La vida de Aileen dio un giro oscuro cuando tomó la decisión de acabar con su primera víctima, Richard Mallory, en un acto que ella justificó como defensa propia, alegando que él había abusado de ella. Este asesinato marcó el comienzo de una serie de crímenes que la llevarían a ser condenada por el asesinato de siete hombres entre 1989 y 1990.

  • David Spears
  • Charles Carskaddon
  • Peter Siems
  • Troy Burress
  • Charles “Dick” Humphreys
  • Walter Antonio
  • Richard Mallory

Las víctimas, en su mayoría hombres blancos de mediana edad, eran abordadas por Wuornos en la carretera, donde les disparaba y después les robaba. Los cuerpos fueron hallados cerca de las autopistas de Florida, frecuentemente con evidencias que incluían pelos rubios y condones usados.

La traición que selló su destino

La captura de Wuornos fue un desafío para las autoridades, ya que se movía de hotel en hotel, evadiendo la justicia. Finalmente, su novia, Tyria Moore, fue arrestada el 9 de enero de 1991 y, bajo promesa de inmunidad, aceptó colaborar con la policía. En una conversación grabada, Moore presionó a Aileen para que se entregara, diciéndole: “No voy a ir a la cárcel por algo que hiciste tú”. Este momento culminó con la confesión de Wuornos y su detención.

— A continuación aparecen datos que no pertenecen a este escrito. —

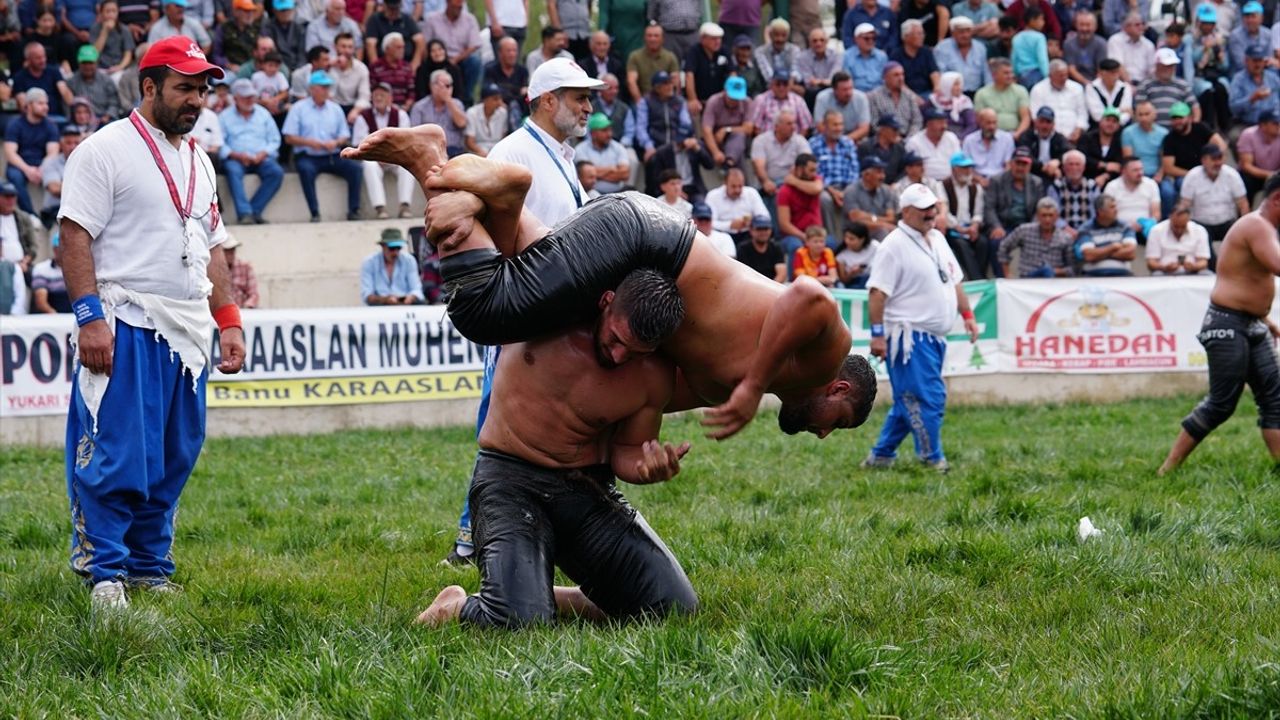 Osmancık'ta Yağlı Pehlivan Güreşleri'nde başpehlivan Erkan Taş oldu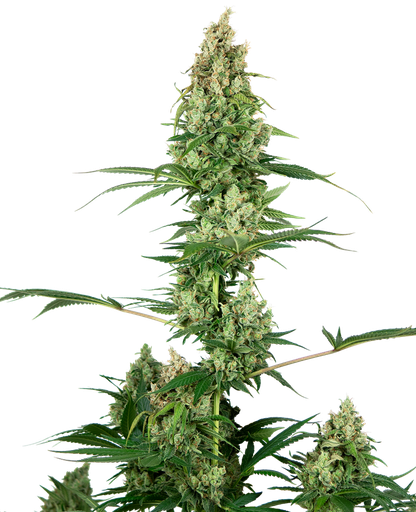 [SSS045] SENSI SEEDS - SILVER FIRE FEM X3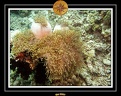 2007 Maldives 062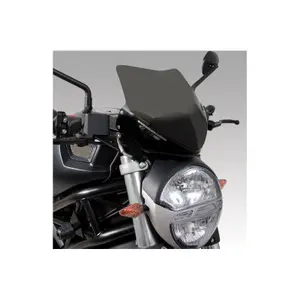 Αλεξήνιος μοτοσικλέτας Barracuda Aerosport MONSTER 696 image-0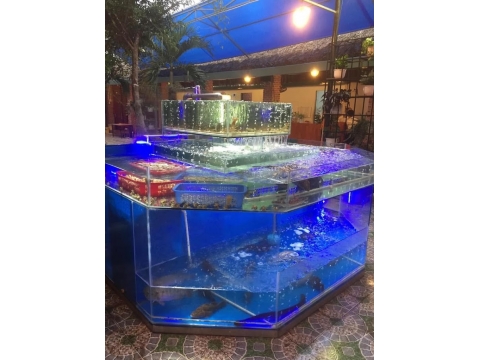 HỒ HẢI SẢN 57N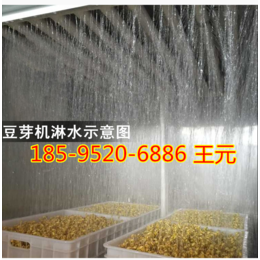青州豆芽机厂家 全自动豆芽机械 全自动商用豆芽机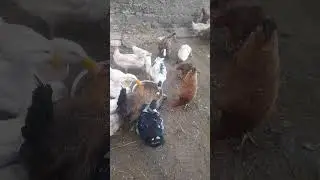 ٢٤ ديسمبر ٢٠٢٥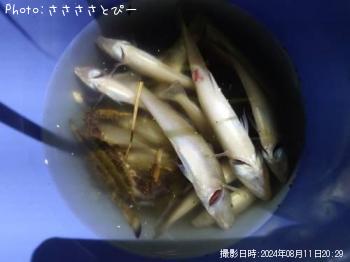 ޥ勵ꥬ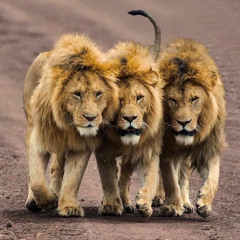 Safari Kings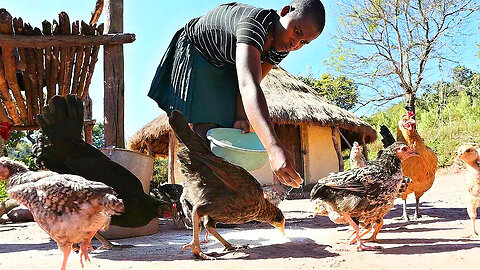 Kuřata pro Afriku sk dabing Dokument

Los años finales y una ejecución trágica

Aileen fue condenada a muerte en 1992 y pasó casi una década en el pabellón de la muerte. Durante este tiempo, su salud mental se deterioró severamente, y en 2001 escribió una carta a la Corte Suprema de Justicia de Florida, donde afirmó no arrepentirse de sus crímenes: “Odios arrastrándose por mi organismo. Soy competente, cuerda y estoy tratando de decir la verdad”.

El 9 de octubre de 2002, Aileen Wuornos fue ejecutada mediante inyección letal, cerrando así el capítulo de una de las figuras más oscuras de la delincuencia en Estados Unidos.